Does I(1) imply a process is cointegrated with its lag?

Question

My question is about the definition of cointegrated.

$y_t =y_{t-1}+u_t$

$u_t =\eta_t +0.5\eta_{t-1}$

where $\eta_t\sim N(0,1)$ is i.i.d. white noise.

I claim that $y_t$ and $y_{t-1}$ are cointegrated because $y_t -y_{t-1}=u_t$ is stationary and both $y_t$ and $y_{t-1}$ are non-stationary.

Is this a correct application of the definition? I know it would be more standard to just consider $y_t$ as I(1), but if I said $y_t$ and $y_{t-1}$ are cointegrated, is that a mathematically correct statement?

EDIT: Firstly, thank you to everyone that helped. The "attempt" fails as 1muflon1 describes.

EDIT2: Some people are currently not satisfied with the answers, and an ongoing discussion is here.

Answer 1

You are confusing concept of co-integration with concept of integration. If a series

$y_t−y_{t−1}=u_t$ is stationary

then series is integrated of order 1 not co-integrated. The term co-integration is specifically used when we have some $y_t−\beta x_{t}=u_t$ and $u_t$ is stationary, have a look at this tutorial by Reserve Bank of Australia on time series.

Answer 2

Just to add to the answers already given. I think the easiest way to see that this cannot be the case is using a CVAR formulation. For a reference see Johansen and Juselius (1990) (https://digidownload.libero.it/rocco.mosconi/JohansenJuselius1990.pdf)

Consider the bivariate vector $x_t = \left\{ \begin{array}{c} y_{t}\\ y_{t-1} \end{array}\right\}$

Which we can assume follows an autoregressive with lag 1 process as

$x_t = cx_{t-1} + v_t$

EDIT: where if $c=I_2$ then we are in the special case of interest. Furthermore, we leave the residuals unrestricted such that $v_t=(u_t, u_{t-1})'$.

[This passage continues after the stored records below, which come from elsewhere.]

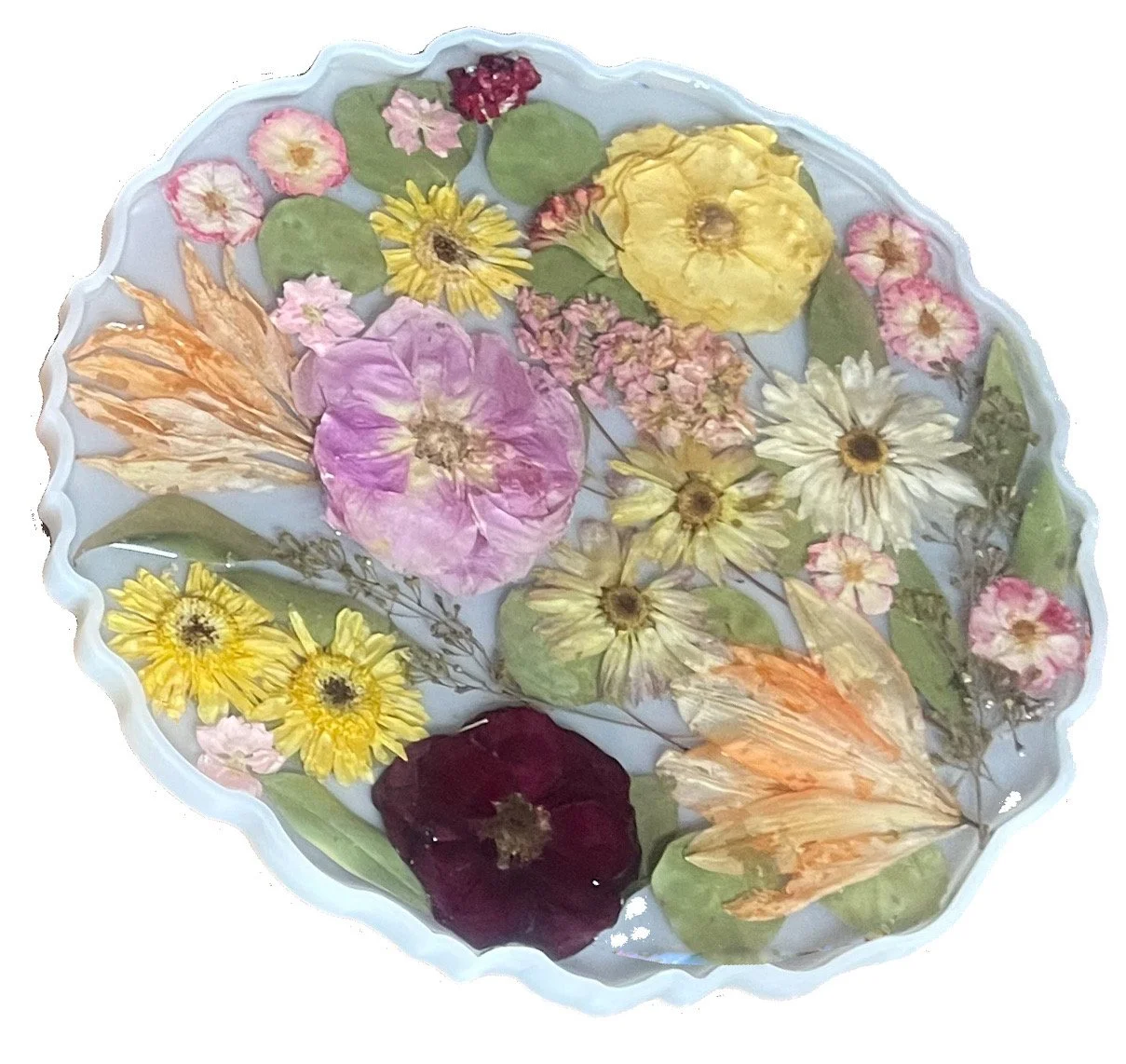 A decorative ceramic bowl filled with various dried pressed flowers and leaves, some with vibrant colors like purple, yellow, red, pink, and white.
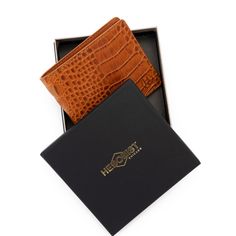 Improved classic design Embossed full grain vegetable tanned premium leather RFID - protected 3.3"H x 4.1"W x 0.5"D (folded) Holds 6 – 12 cards 2 slip pockets Flat bill section Fabric lining Branded gift box Imported Brown Bifold Card Holder For Formal Use, Cognac Rectangular Wallet Perfect For Gifts, Rectangular Cognac Wallet Perfect For Gifts, Formal Brown Bifold Card Holder, Luxury Smooth Grain Wallets As Gift, Luxury Brown Trifold Wallet As Gift, Bifold Card Holder With Leather Lining As Gift, Classic Trifold Wallet With Coin Pocket As Gift, Rectangular Card Holder With Leather Lining For Gift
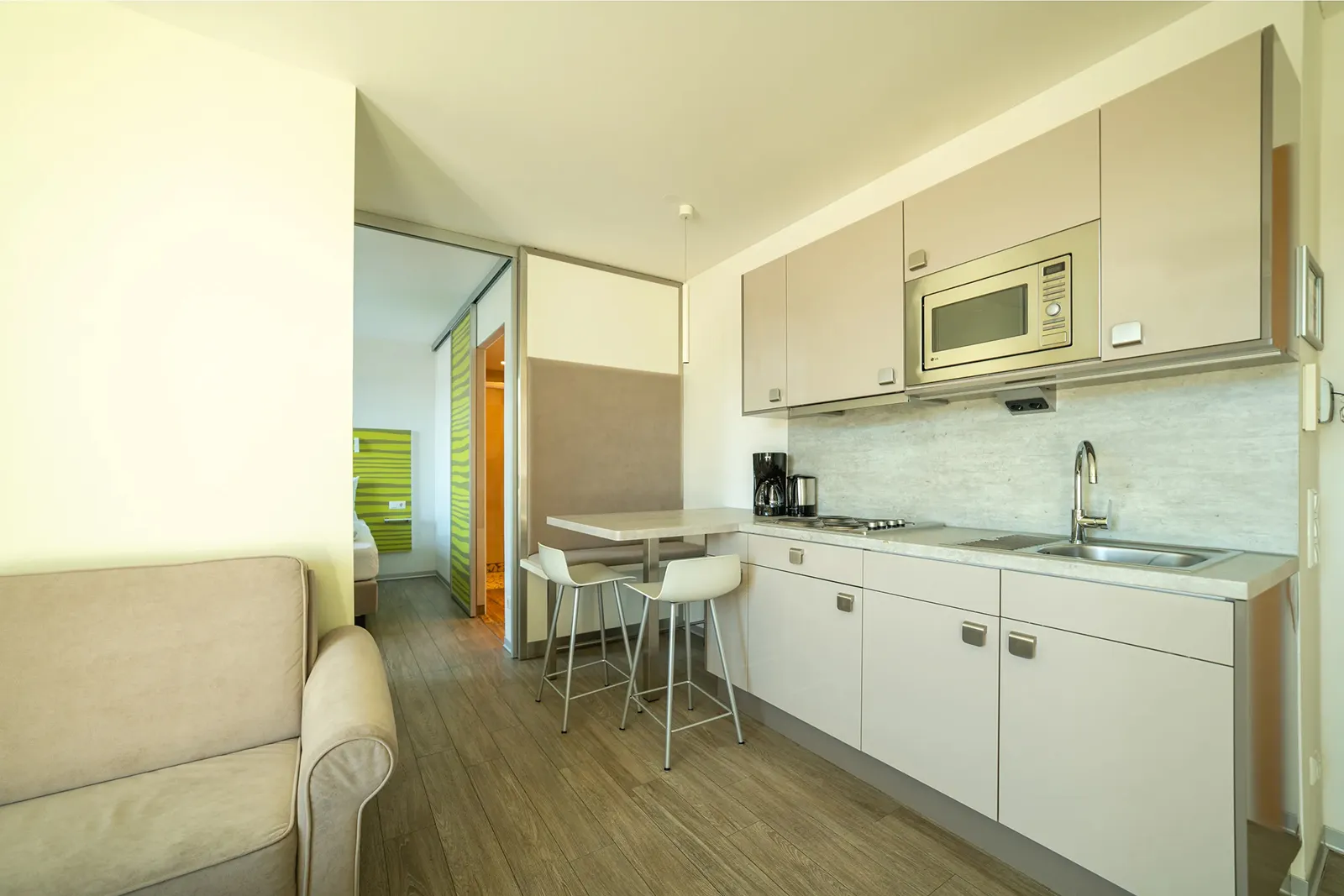 Modern kitchenette with white cabinets, built-in microwave, sink, stovetop, coffee maker, small dining table with two white bar stools, and a beige sofa visible on the left.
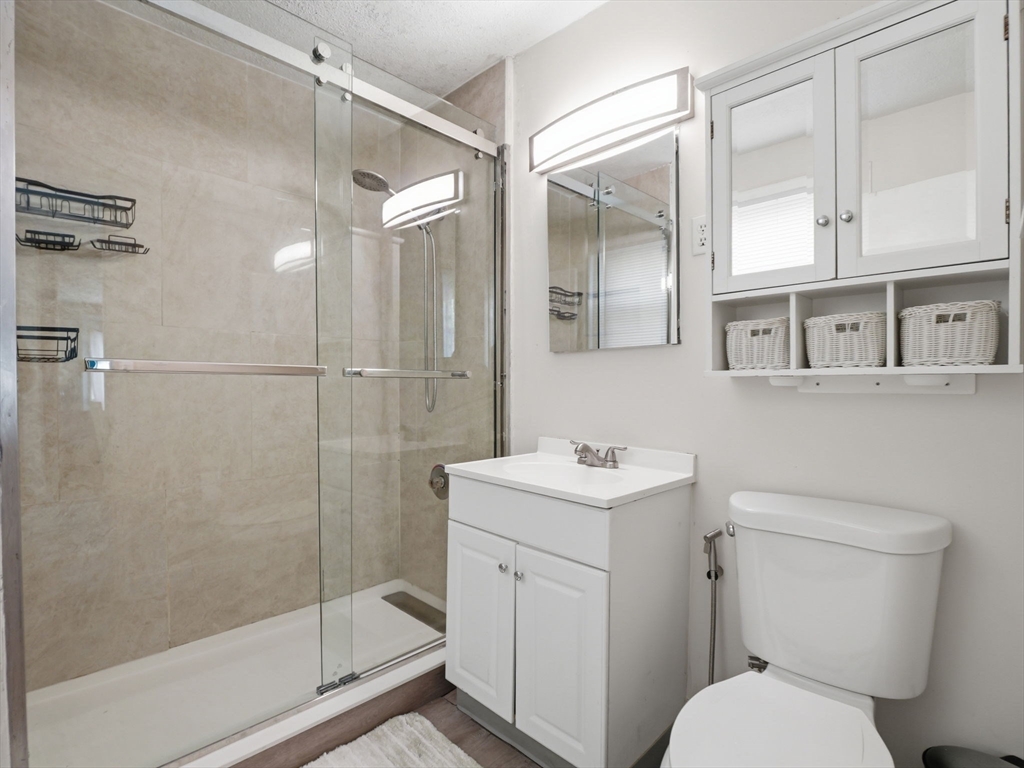 28 Court Street Lowell, MA 01852 - Photo 21 of 42 a bathroom with a toilet a sink and shower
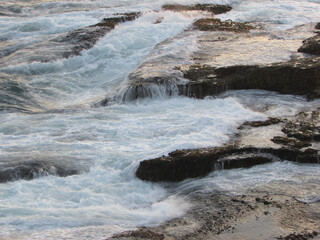 Sea water hitting the rocks of a rock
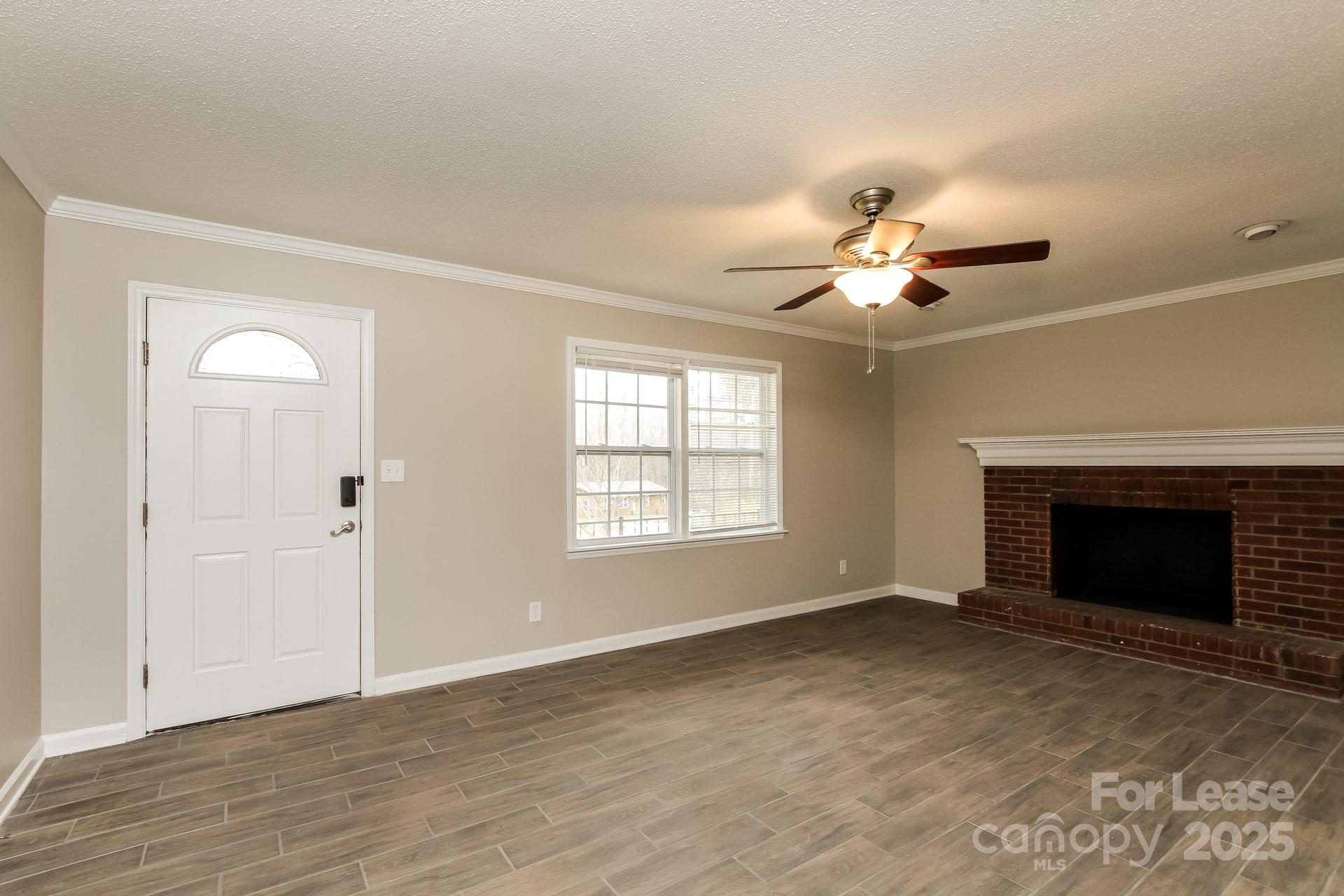 144 Buffaloway Road Statesville, NC 28677 - Photo 2 of 16 a view of an empty room with a fireplace and a window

We can rewrite this without a loss of information as

$\Delta x_t = b x_{t-1} + v_t$ where $b=c-I_2$

The system is stationary in levels when the rank is full; i.e. $rank(b)=2$.

The system is difference stationary when $rank(b)=0$; That is $b=0$.

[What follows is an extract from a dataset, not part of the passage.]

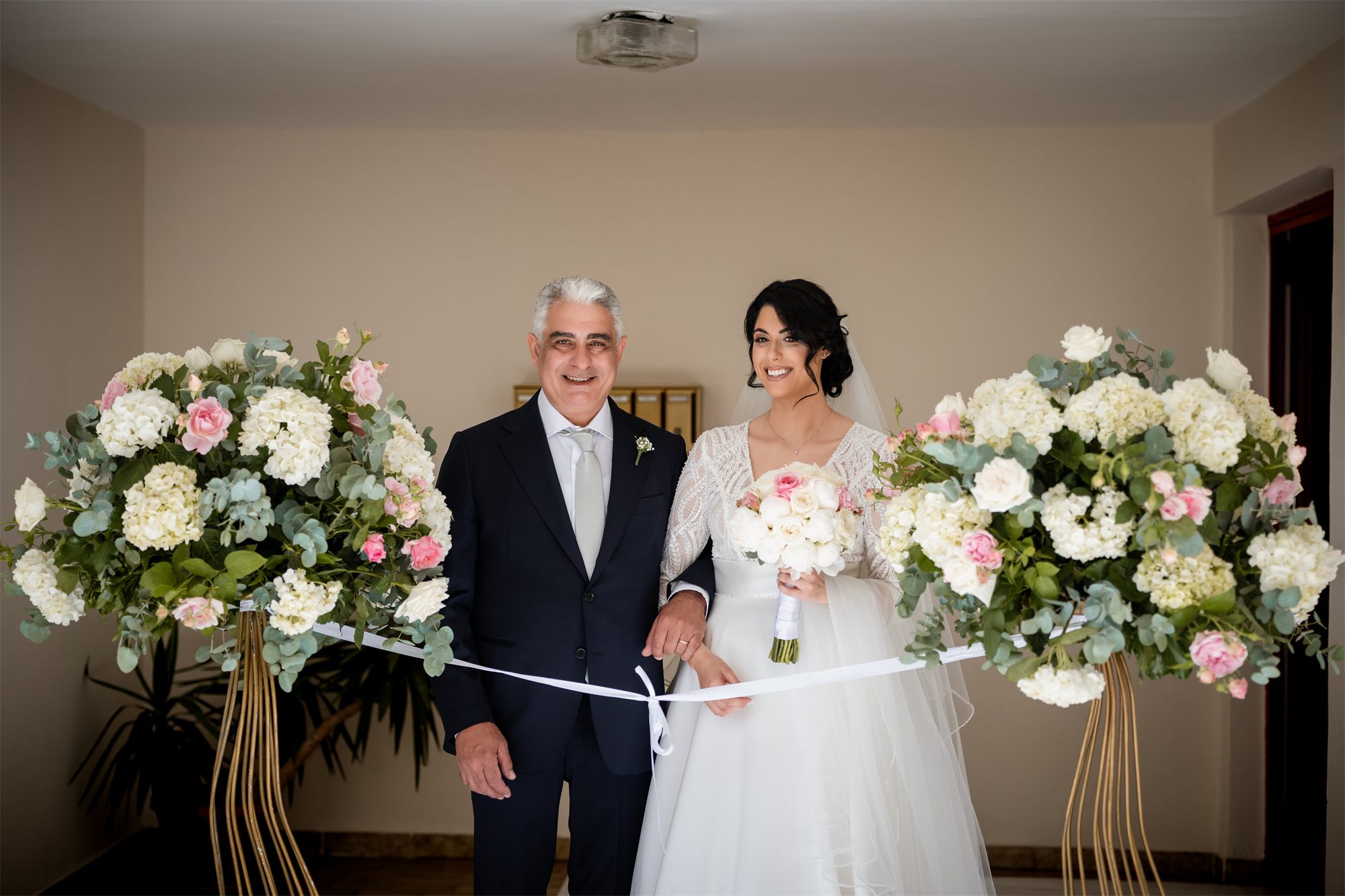 Il taglio del nastro con il papà all'uscita di casa della sposa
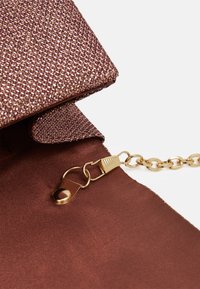 Clutch rosa metallizzato con superficie tessuta e testurizzata. Dotata di tracolla a catena dorata e chiusura a patta magnetica per un accesso sicuro.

Cointegration is the case between these two cases where there is a reduced rank restriction such that $rank(b)=1$; i.e. one can decompose $b=\alpha\beta$.

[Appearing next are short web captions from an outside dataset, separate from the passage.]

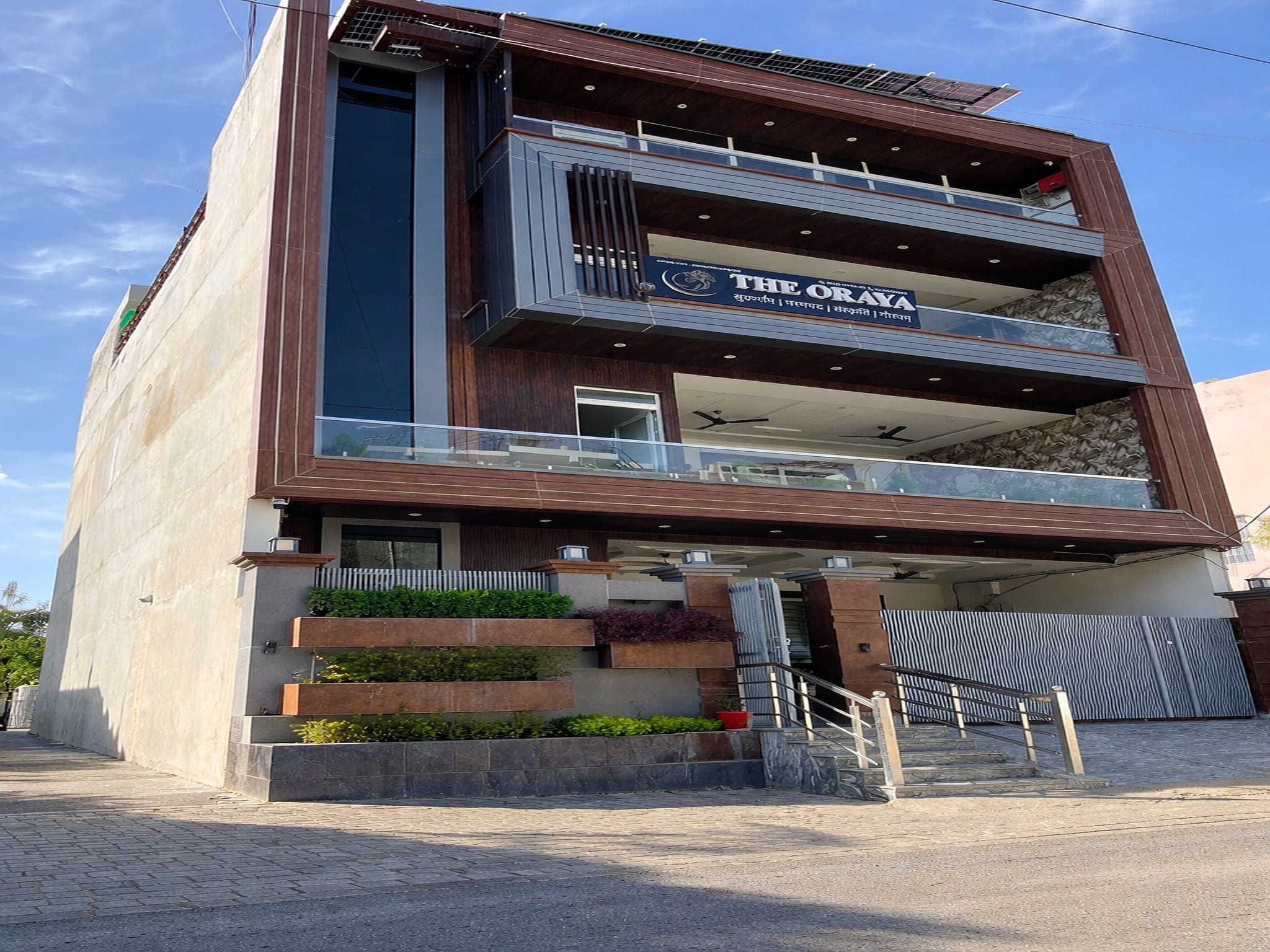 Un edificio moderno con un letrero que dice 'THE ORAYA' hotel. Tiene una estructura de dos pisos con un balcón en el piso superior.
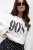 Set: Weißer Hoodie mit „90s Babe“-Schriftzug und schwarzer Ballonrock mit weißen Punkten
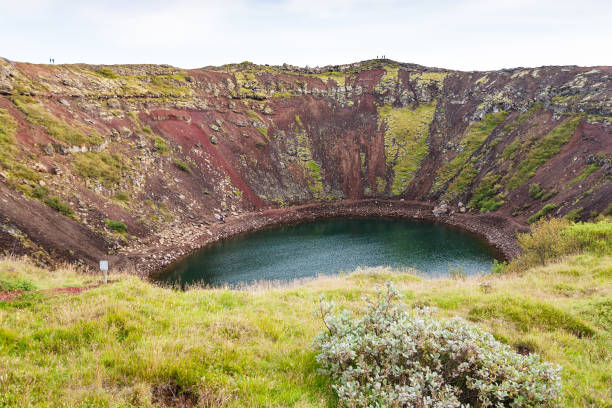istock old volcanic crater with Kerid lake in Iceland 882435908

Based off of these definitions it is clear that your case where $b=0$ is definitely not cointegrated.

Answer 3

Does I(1) imply a process is cointegrated with its lag?

No. By definition cointegration is a property of multiple time series variables of which they are all integrated of the same order. See definitions of cointegrated processes in Pesaran Time Series and Panel Data Analysis pp 517, or Hamilton Time Series Analysis pp 571.

In fact let me quote from Hamilton [emphasis mine]:

An $(n \times 1$) vector time series $\textbf{y}_t$ is said to be cointegrated if each of the series taken individually is $I(1)$, that is, nonstationary with a unit root, while some linear combination of the series $\textbf{a'y}_t$ is stationary, or $I(0)$, for some nonzero $(n \times 1)$ vector $\textbf{a}$.

By definition variable cannot simply be cointegrated with itself. You need at least two separate series $y_{1t}$, $y_{2t}$ to be able to talk about cointegration.

Mind you lags of a variable do not constitute new series. By definition, following Hamilton pp 43:

$\{y_t\}^\infty_{t=-\infty}= \{...y_{-1},y_0, y_2, ..., y_{t},y_{t+1}, y_{t+2}...\},$

the infinite sequence $\{y_t\}^\infty_{t=-\infty}$ would still be viewed as a single realization from a time series process.

lags of a time series do not represent a new time series process.